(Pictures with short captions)

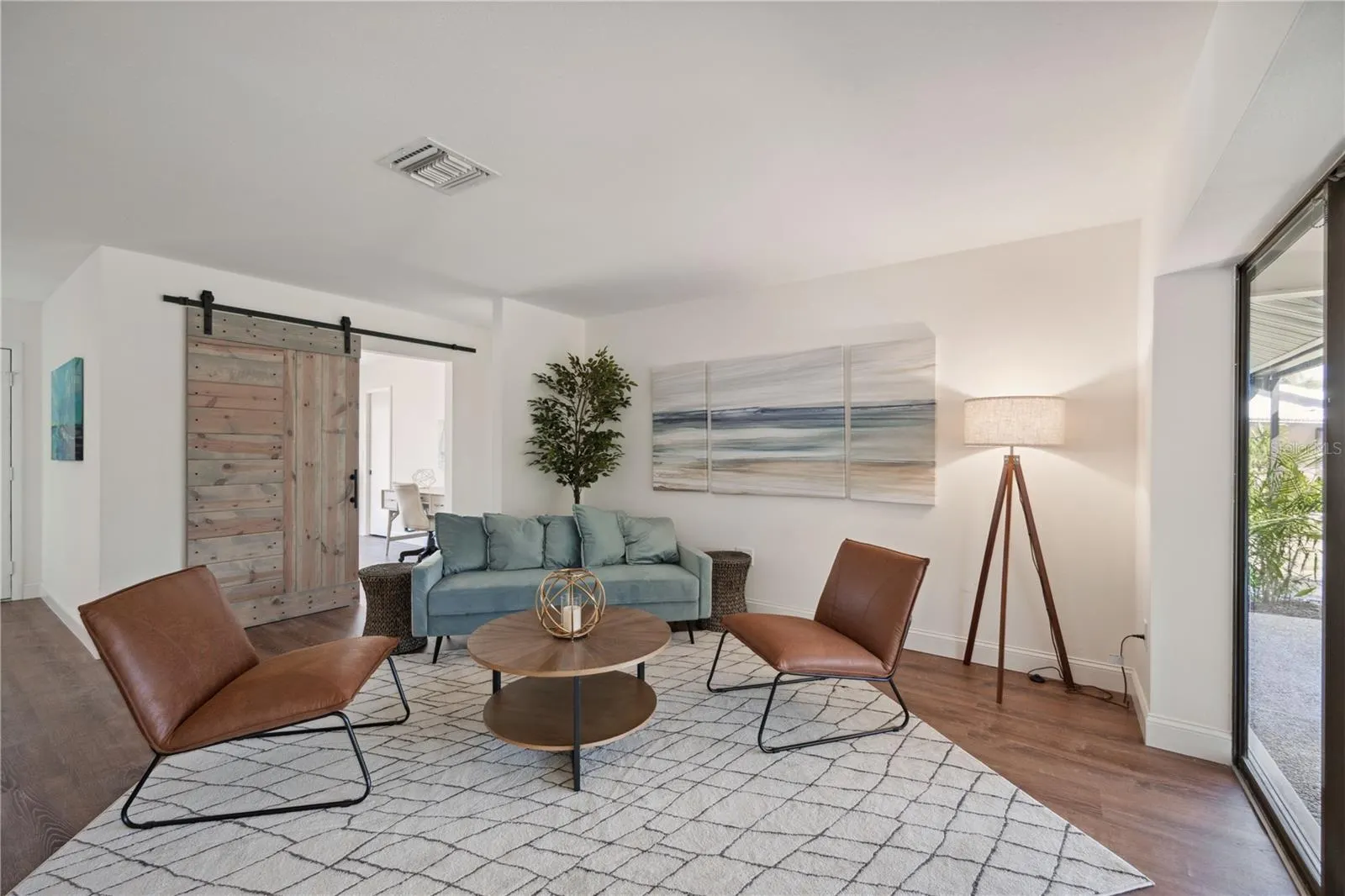 456 YACHT HARBOR DR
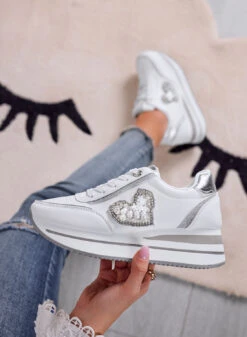 LORELLA - Sneakers Bianche Con Dettagli Argento E Cuore Gioiello -Negozio al dettaglio Alexoo 3 a6d17a6b ea40 469c 92d8 6cfa7c061ece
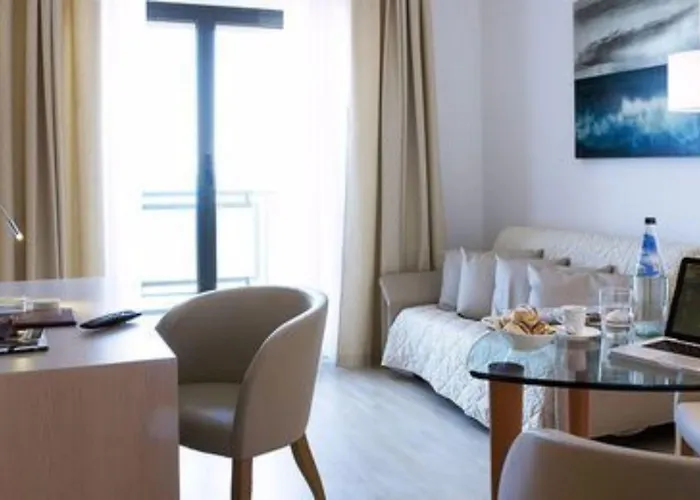 Uappala Cruiser Hotel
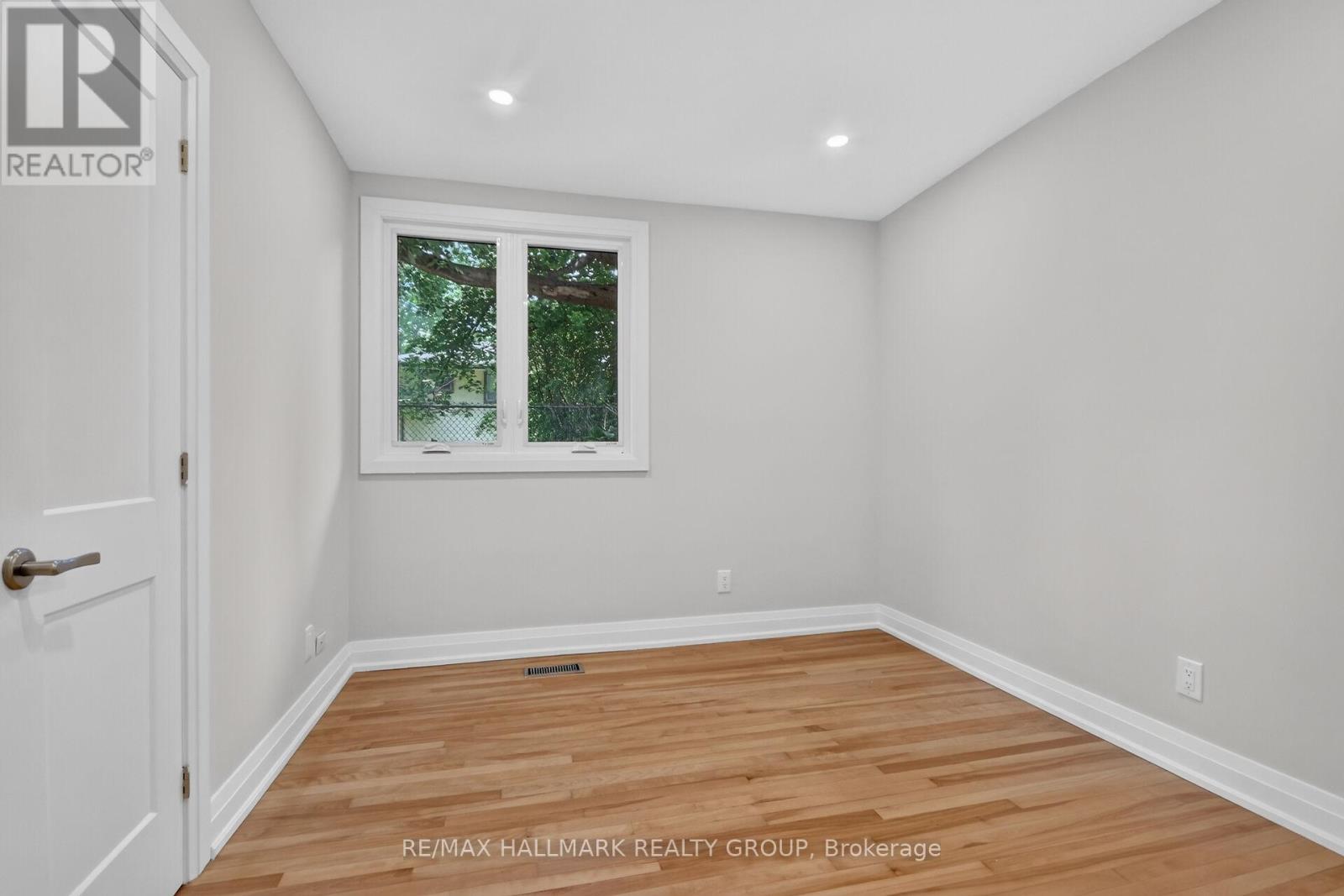 1054 Chelsea Drive, Ottawa, Ontario  K1K 0M8 - Photo 33 - X13495054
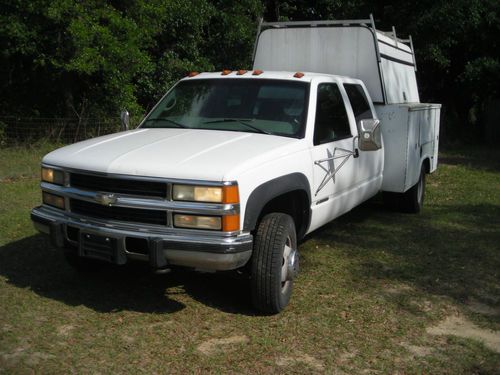 1998 chevrolet 4wd dually diesel crew cab pick-up enclosed 8' bed + crane winch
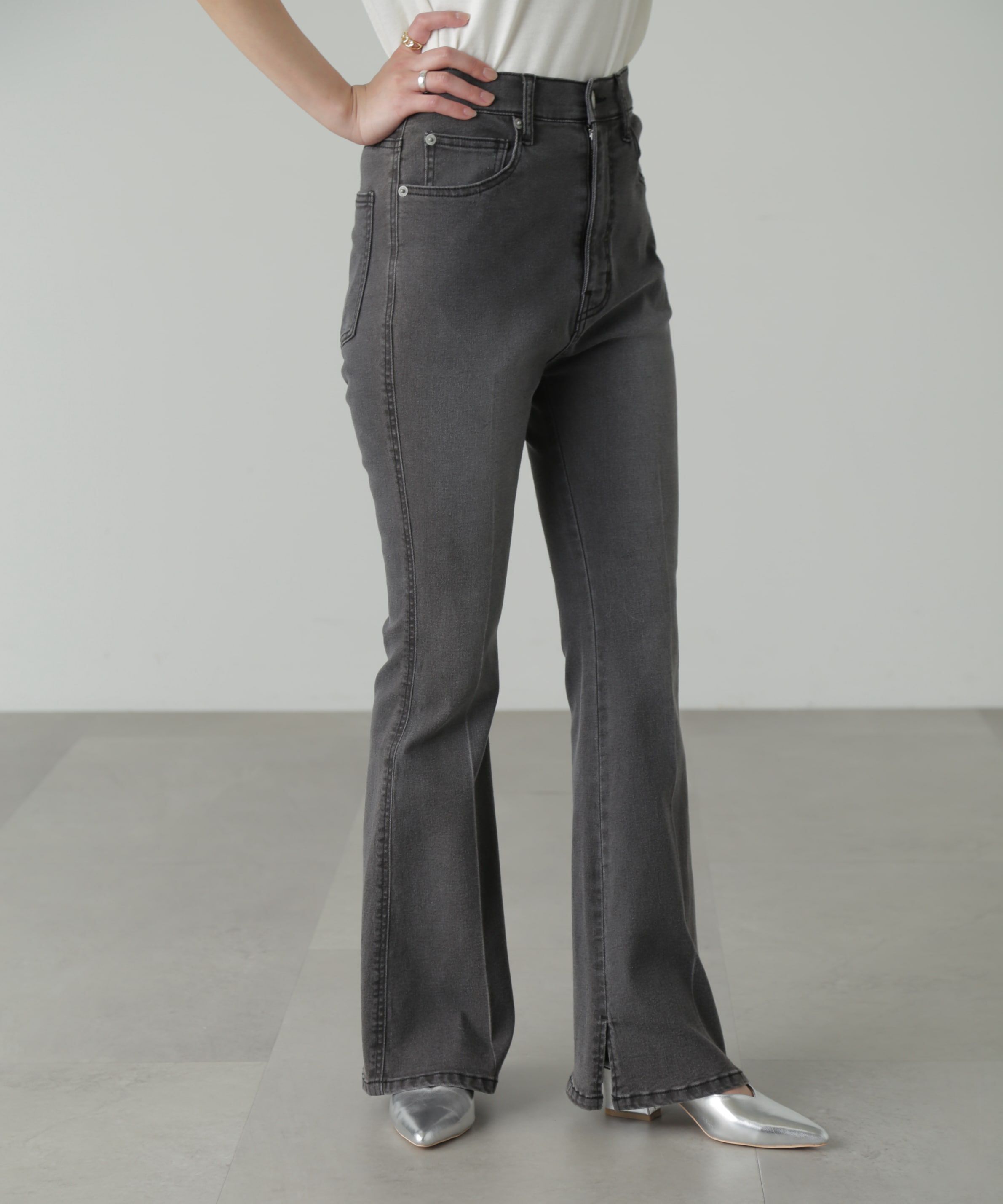  「[低身長サイズ/Sシリーズ]内スリットベルボトムデニムパンツ」|その他|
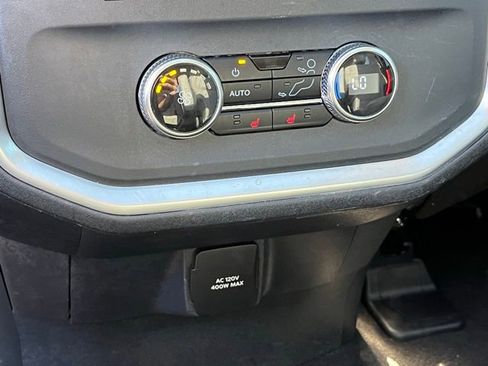 Used 2025 Ford Expedition Platinum AWD/4WD image 26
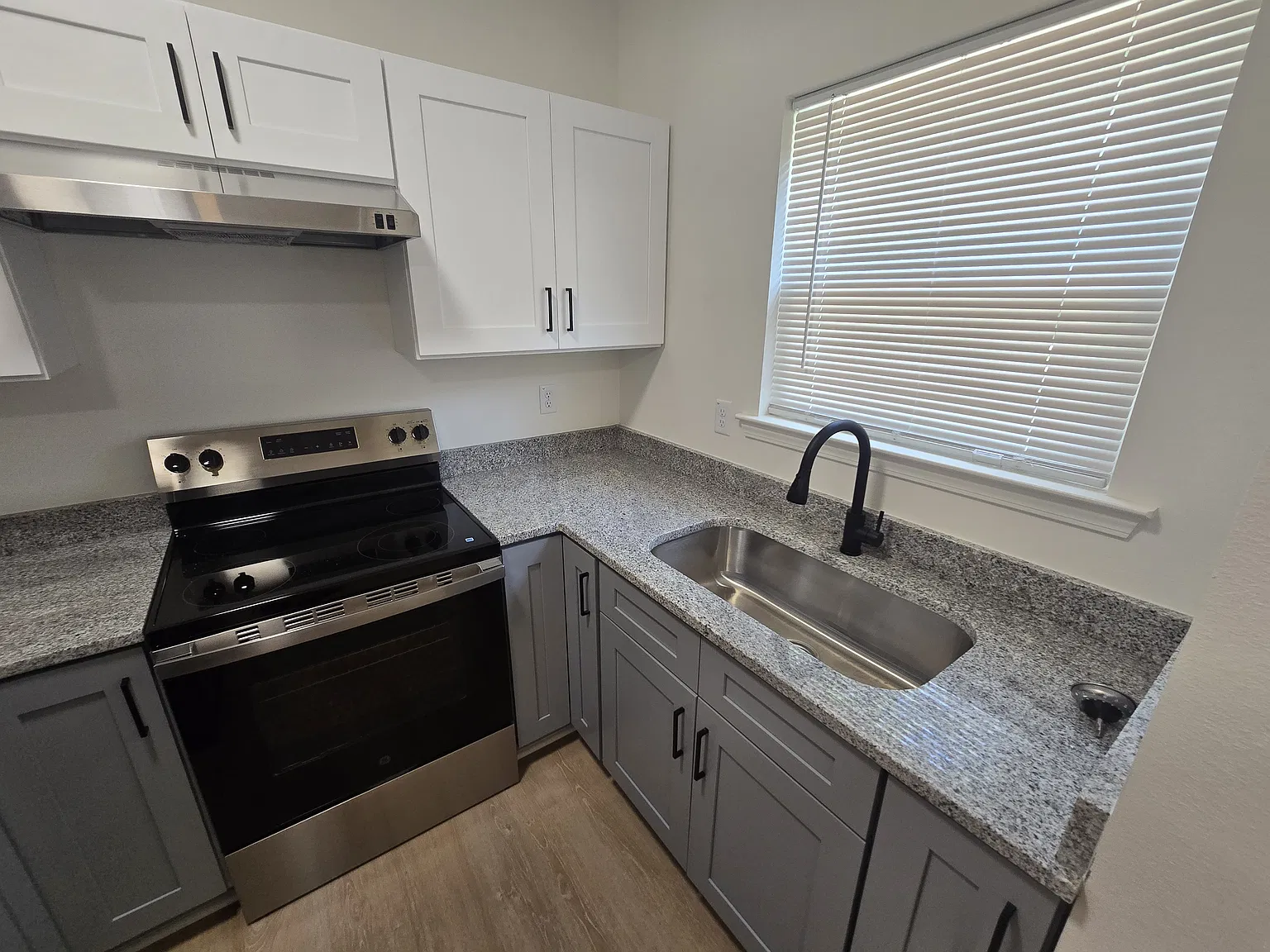 2 bed, 1.0 bath, 675 sqft, $995 — Photo 4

● YOUR TASK:
Omit the pictures and write out the lines above from the one with "1054 Chelsea Drive, Ottawa, Ontario" through the last, unchanged.

● ANSWER BELOW:
 1054 Chelsea Drive, Ottawa, Ontario  K1K 0M8 - Photo 33 - X13495054
 1998 chevrolet 4wd dually diesel crew cab pick-up enclosed 8' bed + crane winch
  「[低身長サイズ/Sシリーズ]内スリットベルボトムデニムパンツ」|その他|
 Used 2025 Ford Expedition Platinum AWD/4WD image 26
 2 bed, 1.0 bath, 675 sqft, $995 — Photo 4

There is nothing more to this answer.